Schedule
09h00: Welcome
09h15: Keynote: How Do We Move Practical Fault Tolerance Out of the 1990s? (Jay Lofstead, Sandia National Laboratories, USA)
10h30: Coffee Break
11h00: A Failure Prediction-based Adaptive Checkpointing Method with Less Reliance on Temperature Monitoring for HPC Applications (Muhammad Alfian Amrizal, Pei Li, Mulya Agung, Ryusuke Egawa and Hiroyuki Takizawa)
11h35: Challenges in Developing MPI Fault-Tolerant Fortran Applications (Nathan Weeks, Glenn Luecke, Pieter Maris and James Vary)
12h10: Closing
12h15: End
Keynote details
With storage innovations delivering near memory performance and a continued requirement that new leadership platforms achieve a 90% forward progress per hour metric, checkpoint/restart has become the tried and true standard for achieving fault tolerance. While tons of innovative work has demonstrated interesting and different approaches that can reduce the time to save data, none have gained traction in production codes. Since checkpoint data is still used for analysis, is it even possible to move away from this technique to something “better”?
Paper details
A Failure Prediction-based Adaptive Checkpointing Method with Less Reliance on Temperature Monitoring for HPC Applications
Checkpointing with a constant checkpoint interval is optimal assuming an exponential distribution of failures. However, in practice there are many events that correlate with failures, such as CPU temperature. Under these circumstances, adaptive checkpoint intervals are more appropiate, but require extra overhead to monitor the system. In this paper, we propose an adaptive checkpointing method that avoids constant monitoring by using timings of the already occurred failures, called the prior failures, to estimate the mean time to failure (MTTF) of the next failure, called the posterior failure. The simulation results show that the proposed method can reduce the total wasted time compared to the constant checkpointing method with a considerably small temperature monitoring period.
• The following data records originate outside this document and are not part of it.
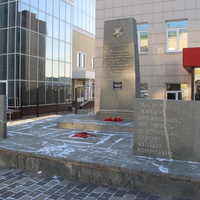 Памятник работникам механического завода, погибшим в годы Великой Отечественной войны.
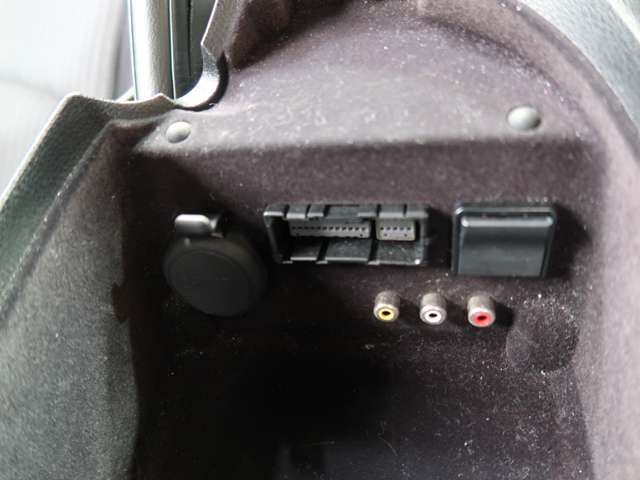 U00048527977_32_001.jpg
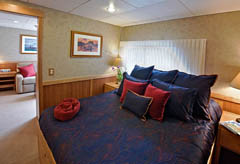 commodore suite
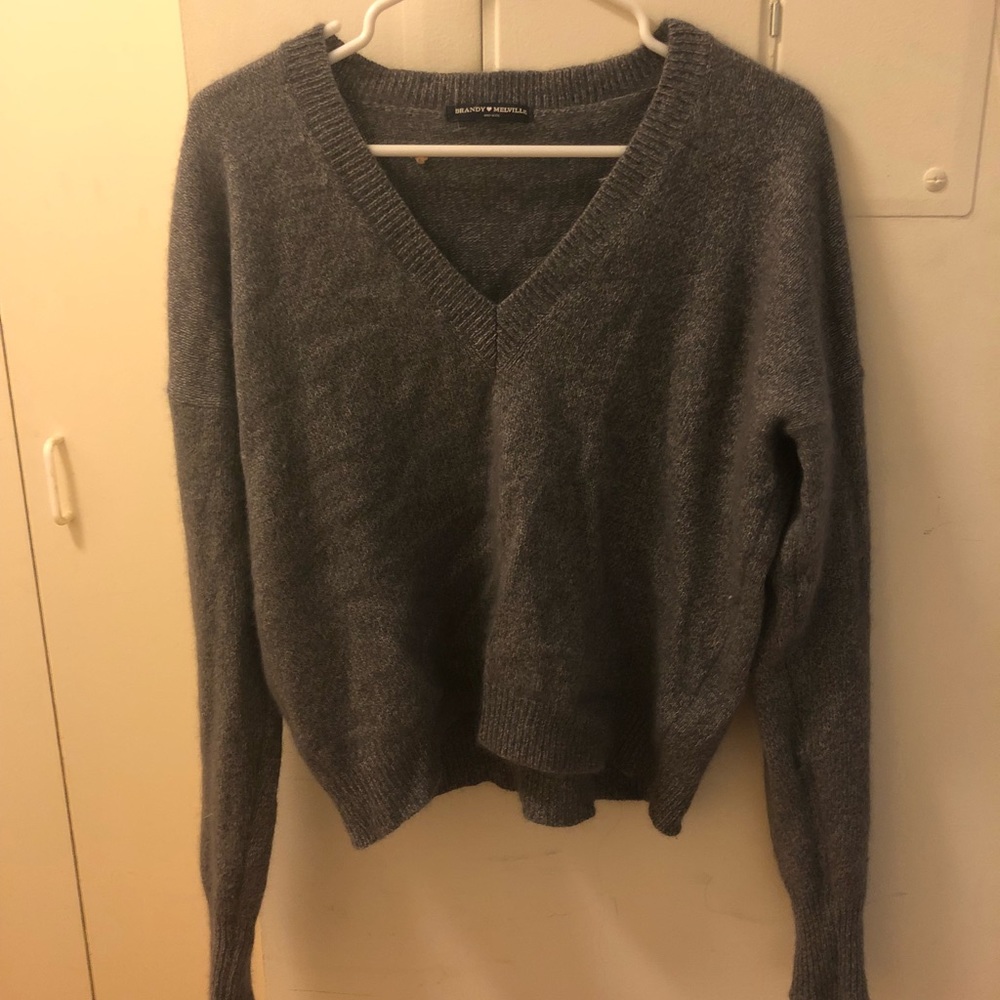 Brandy Melville super cute V neck sweater!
Challenges in Developing MPI Fault-Tolerant Fortran Applications
Powerful high performance computing systems of the future are expected to have higher failure rates than current systems. The MPI 3.1 standard does not address the issue of MPI process failures. Checkpoint/restart is commonly used to add fault tolerance to MPI applications, however this can have a high overhead. Several MPI fault tolerance libraries, such as ULFM, are being developed to enable MPI programs to recover from MPI process failures. This can circumvent much of the overhead of an application restart, including rescheduling, launching, initializing, and reading checkpoint data. Each library uses a different approach to recovery from MPI process failures. Unfortunately, some of the proposed recovery models are incompatible with Fortran. This paper intends to help Fortran MPI application developers avoid problems when developing fault-tolerant MPI applications.